The House Intelligence Committee chairman said Tuesday that regime change in Libya is in the U.S.’s national security interests but stopped short of calling for the use of force to achieve it.
"I happen to think regime change is in the national security interests at this point," Rep. Mike Rogers (R-Mich.) told The Hill. "The more people who are calling for what I think is the right position for the best interests for American national security, I'm for it."
Rogers's comments come as a number of lawmakers announced plans to introduce legislation to authorize the U.S. to oust Libyan dictator Colonel Moammar Gadhafi. Sen. John Cornyn (R-Texas) plans to introduce a non-binding resolution expressing “the sense that United States policy should be to remove Moammar Gadhafi from power in Libya…,” including by the use of force, if necessary.
Last week Sen. Marco Rubio (R-Fla.) urged the Senate majority and minority leaders to offer a bipartisan measure that would authorize Obama to use force to remove Gadhafi. Another group of senators is also reportedly meeting to draft a similar resolution.
Rogers said that Gadhafi is under pressure in other ways to leave office.
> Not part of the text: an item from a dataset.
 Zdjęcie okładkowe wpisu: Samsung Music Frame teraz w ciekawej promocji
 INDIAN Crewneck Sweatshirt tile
"An increasing amount of pressure is being put on, we have seized about $30 billion of Gadhafi assets, Europeans have received $30 billion of Gadhafi assets,” Rogers said, adding that the Libyan rebels also are becoming more organized in the fight.
Rogers has supported Obama's decision to order U.S. involvement in Libya to enforce a United Nations Security Council no-fly zone resolution. His biggest criticism, he said, is that the president didn't seek Congress’s approval first.
Rogers said that, as intelligence chairman, he has felt well-informed on the military operation. But he stressed the importance of other lawmakers being kept up to speed.
"I have felt comfortable that I was briefed before, during, and after [the U.S. began performing airstrikes]," Rogers said. "The more information that members know, the more they can see what the risks."